TASK DESCRIPTION: Set every line of the data down again exactly, and keep the pictures out.

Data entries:
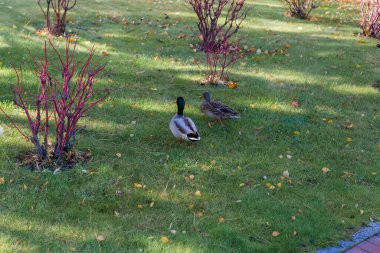 Sonbahar güneşli sabahında parkta çimlerde yürüyen bir çift yaban ördeği.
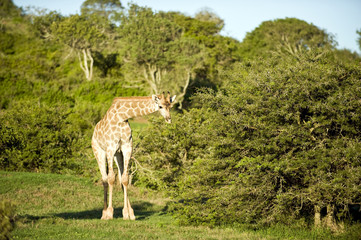 Giraffe beim fressen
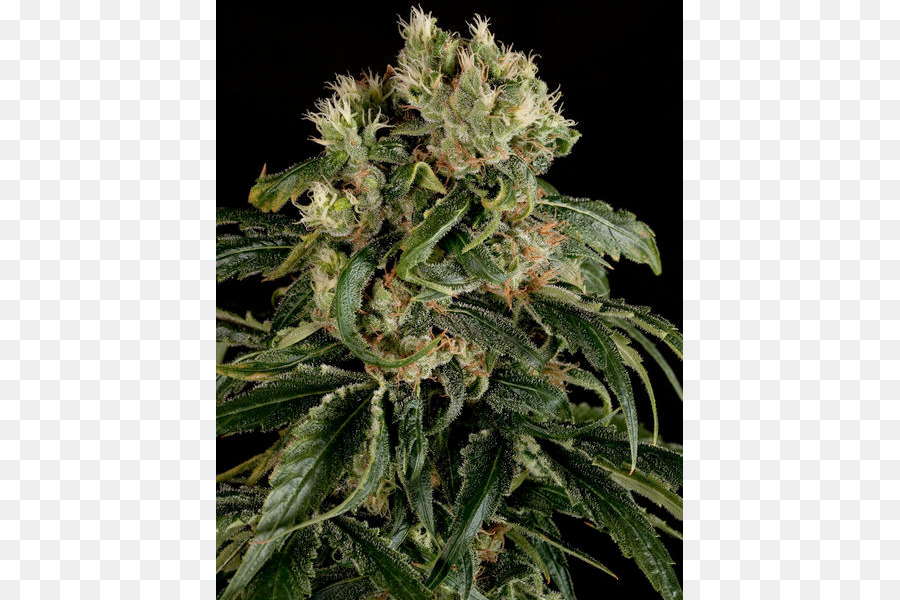 Cannabis Sativa，Cannabis PNG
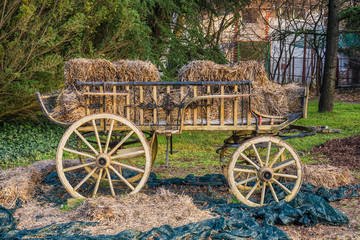 oxcart and straw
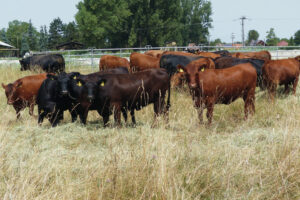 húsmarha takarmány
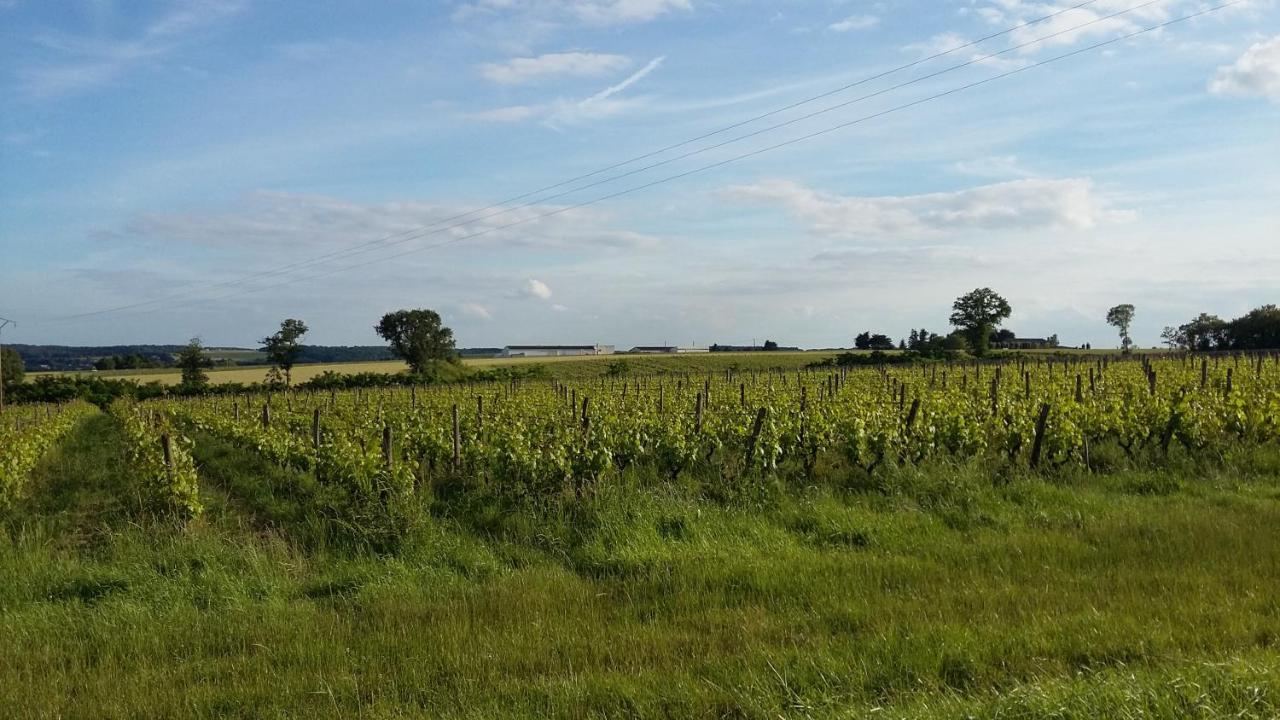 Gite-Civray-De-Touraine Maison De Denise Esterno foto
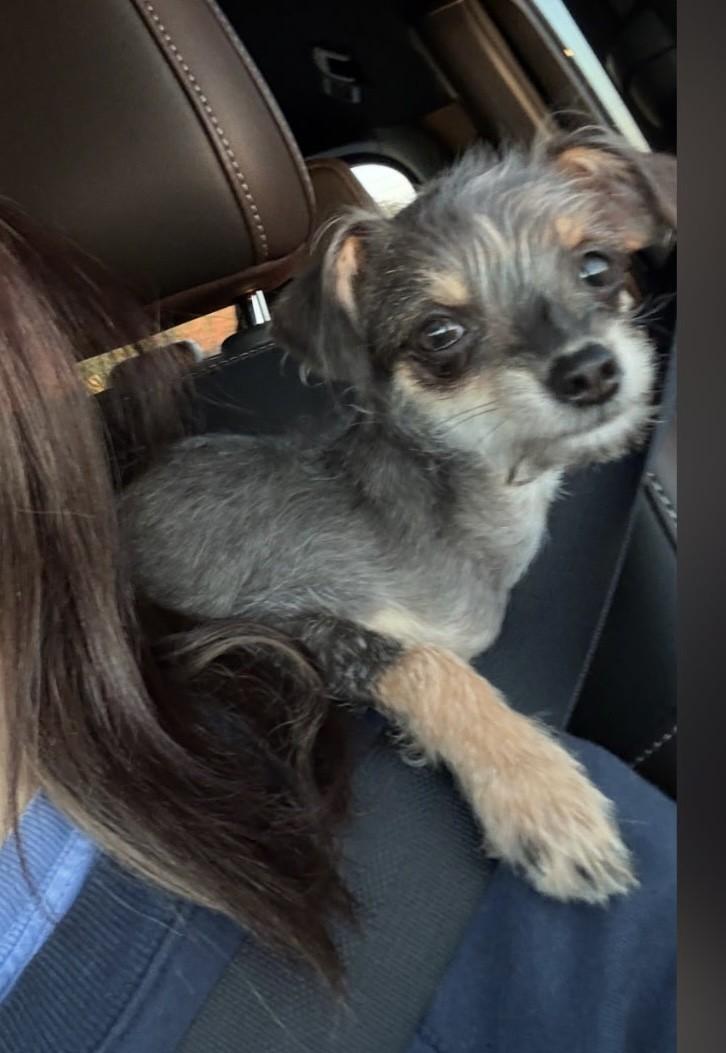 Enlarge APRIL, a Adoptable mixed breed in fort worth, TX image 2/4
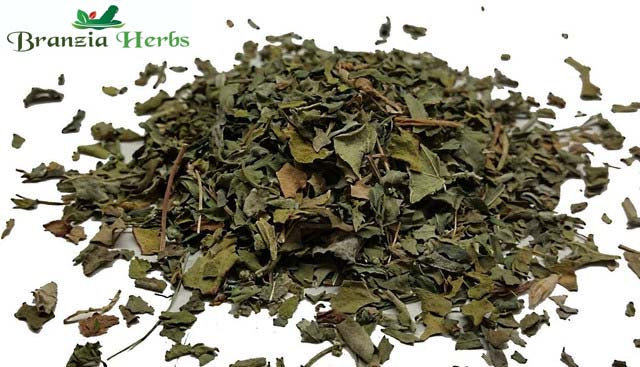 Fenugreek Leaves Wholesale - Branzia Herbs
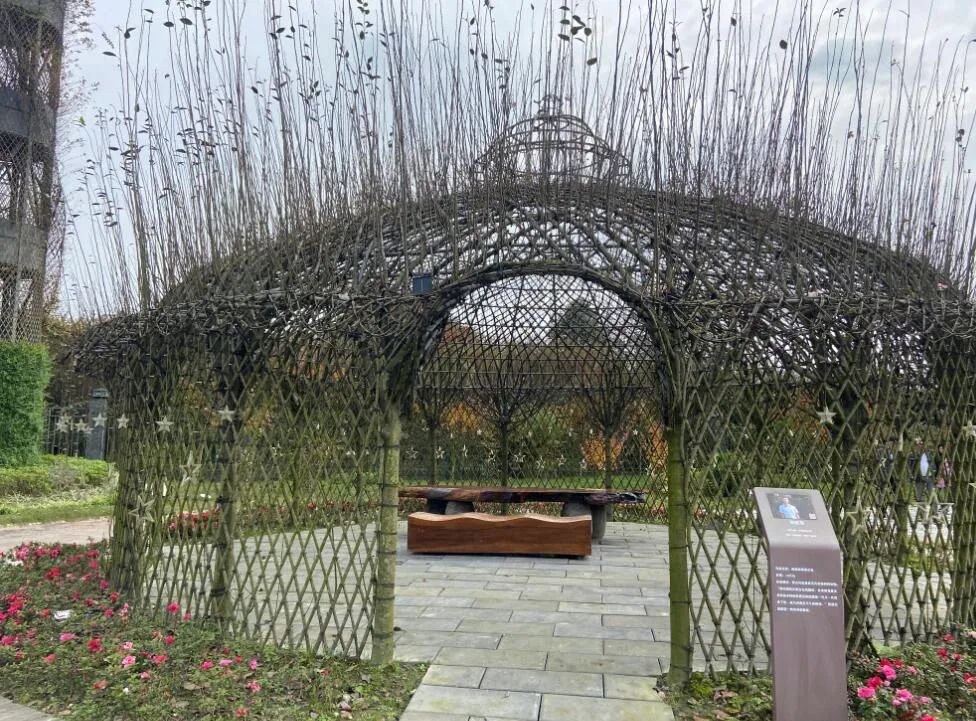 民宿等多元化产业同样方兴未艾寿安镇天星村的随着传统花木产业不断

TASK RESULT:
 Sonbahar güneşli sabahında parkta çimlerde yürüyen bir çift yaban ördeği.
 Giraffe beim fressen
 Cannabis Sativa，Cannabis PNG
 oxcart and straw
 húsmarha takarmány
 Gite-Civray-De-Touraine Maison De Denise Esterno foto
 Enlarge APRIL, a Adoptable mixed breed in fort worth, TX image 2/4
 Fenugreek Leaves Wholesale - Branzia Herbs
 民宿等多元化产业同样方兴未艾寿安镇天星村的随着传统花木产业不断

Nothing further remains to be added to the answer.